La pratique n'est pas nouvelle. Il y a 20, 25 ans, des lycéens étaient déjà dans les rues pour réclamer la présence de professeurs dans les salles de classes. Aujourd'hui que l'histoire se répète, elle lève le voile sur un certain nombre de malaises qui rongent le pays.

D'abord la faiblesse de l'état. Pourquoi laisser les mêmes causes produire les mêmes effets 30 ans après ? Pourquoi le ministère de l'éducation n'arrive pas à gérer l'enseignement public, solutionner des problèmes identifiés et qui handicapent sévèrement le système ?

Parallèlement, ce qui se passe à travers les rues de la capitale et de certaines villes de provinces ces derniers jours révèle également, le degré d'insouciance et d'irresponsabilité de certains. Comment des professeurs peuvent-ils utiliser des enfants, des adolescents pour défendre des intérêts inavoués. C'est le ministre de l'éducation lui-même qui a affirmé qu'il y a des mains cachées derrière ce mouvement et cette affirmation semble trouver écho. Alors, qu'un enseignant/syndicaliste/opposant puisse pousser des élèves, pas seulement à manifester, mais aussi à utiliser la violence pour arriver à ses fins politique remet en question la notion même d'éducation ou d'enseignement dans le pays.

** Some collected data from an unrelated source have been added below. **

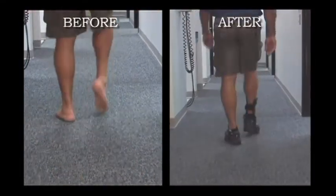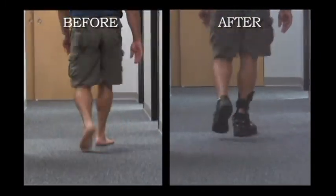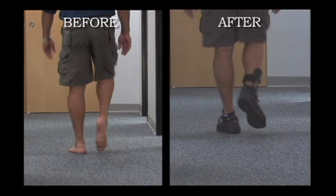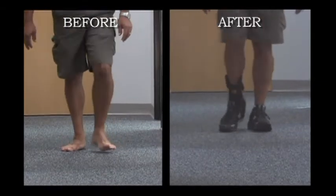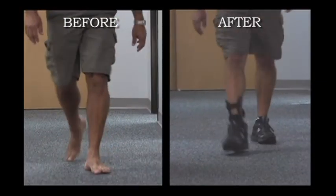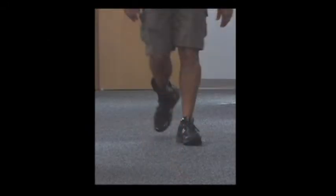Here is the same patient with drop foot deformity walking with and without the Richie Dynamic Assist Brace. It is clear the brace has the ability to control the drop foot deformity at the ankle, but also addresses the compensation which is seen at the knee level.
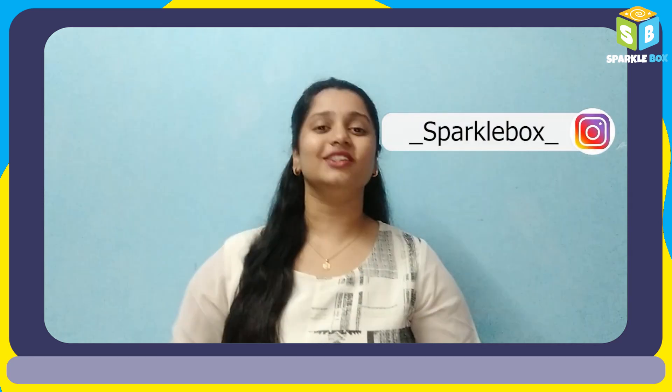Your dancing ballerina is ready! Isn't it fun and interesting to make? Do give it a try yourself and share your work with us on Instagram by tagging us. Don't forget to like and share this video with your friends. I'll be back with another interesting DIY. Until then, see you all!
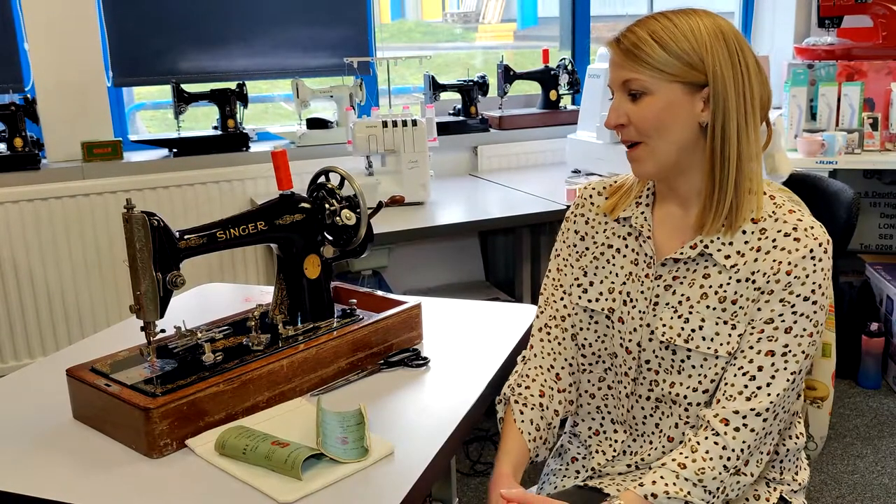So that was my first challenge set by the guys at Sewing Machines UK. There will be more, so I'm looking forward to what they have in store for me. If you have any ideas or things you'd like to challenge me sewing-wise, put a comment below and let us know. You can always check out their website — it's www.sewingmachinesuk.co.uk. See you soon, bye!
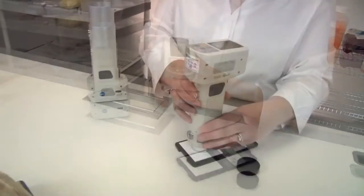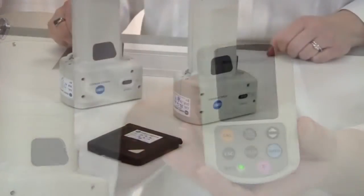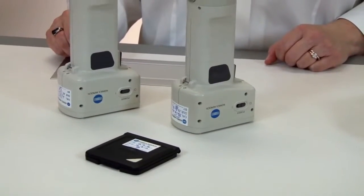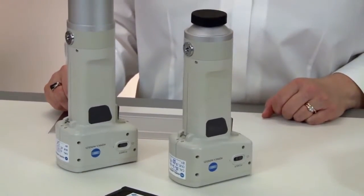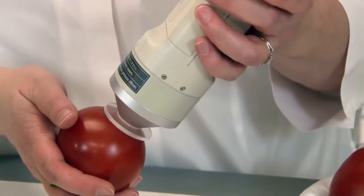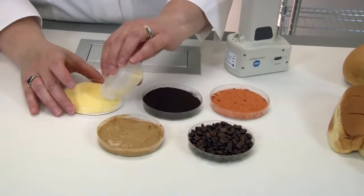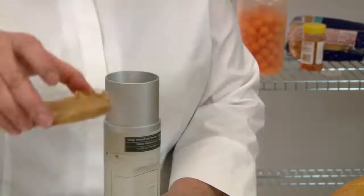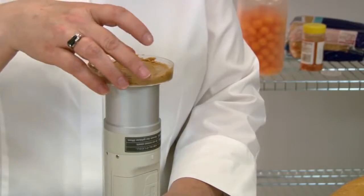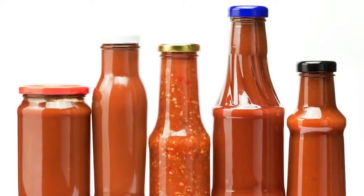The CR400 series features a user index function allowing customers to custom configure the instrument to create an index. This feature is extremely useful when customized evaluation formulas are preferred over standard color difference equations. You can create an index specific to your product or purchase a product-specific index such as peanut butter, french fry, coffee, or tomato from Konica Minolta.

Une troisième réalité mise sous les projecteurs par cette regrettable situation : le poids des inégalités sociales et leurs conséquences sur la société. Au-delà de l'incapacité du ministère à garantir la présence de professeurs dans les salles de classe ou la méchanceté de ceux qui en profitent pour manipuler les élèves, il y a aussi, selon plus d'un, ce sentiment de haine chez cette catégorie d'écoliers du système public qui voit ceux du privé comme des privilégiés, parce qu'ils ne partagent pas son calvaire, ses manques et ses préoccupations. Pourquoi un groupe peut avoir bouclé l'année académique à temps malgré le Coronavirus et d'autres non ; comment des écoles dans certaines zones peuvent-elles fonctionner alors que d'autres sont obligées de fermer leurs portes à cause des actes d'insécurités se demandent certains ?

La société est malade, les signes et symptômes qui le confirment sont nombreux. Cependant, le remède semble difficile à trouver, les leçons ne sont pas apprises et la maladie s'aggrave.